DATA SECTION ▸
::::::::

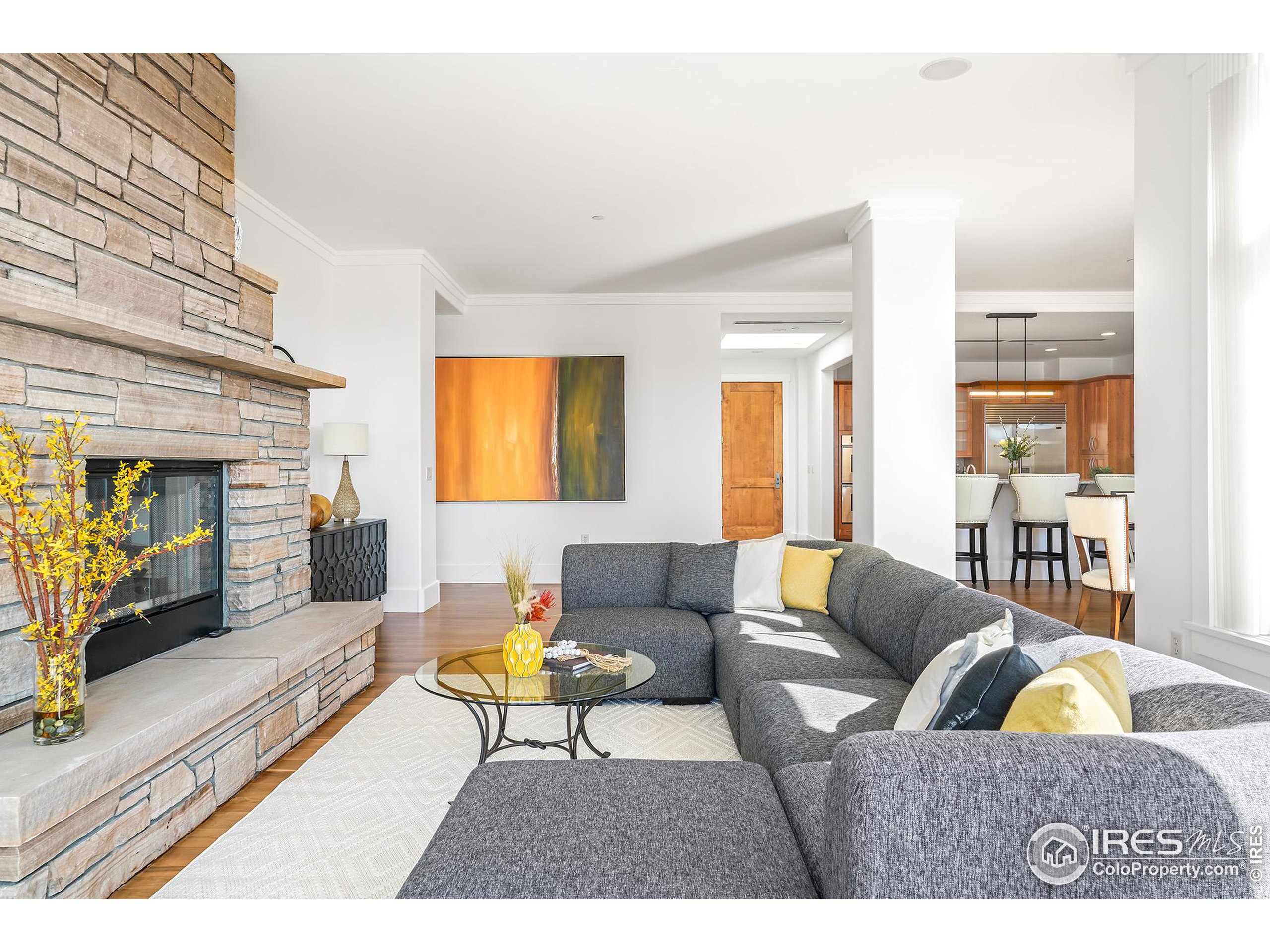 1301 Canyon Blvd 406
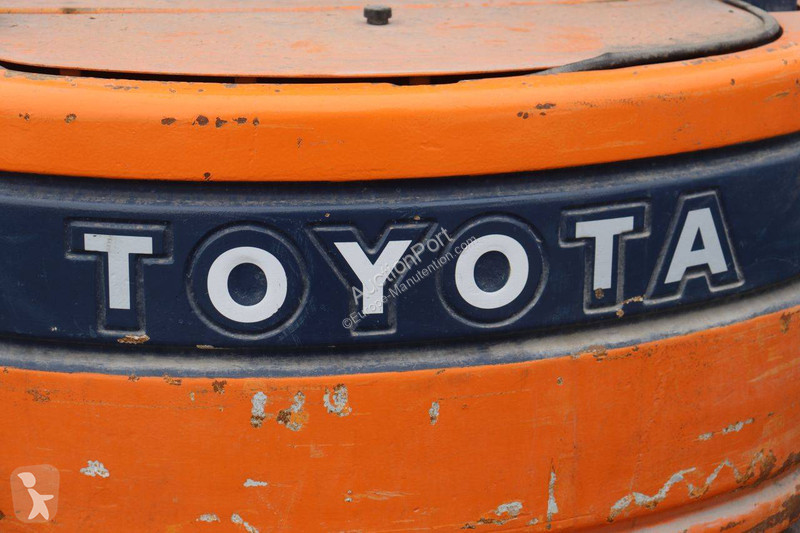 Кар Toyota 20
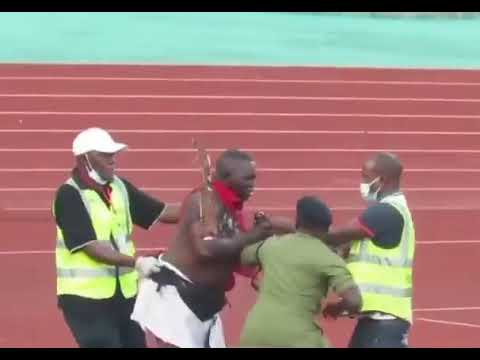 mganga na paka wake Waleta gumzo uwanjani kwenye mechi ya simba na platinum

::::::::

INSTRUCTIONS FOR THE TASK ▸ Exclude every picture, then reproduce the remaining data character for character.

EXERCISE SOLUTION ▸
 1301 Canyon Blvd 406
 Кар Toyota 20
 mganga na paka wake Waleta gumzo uwanjani kwenye mechi ya simba na platinum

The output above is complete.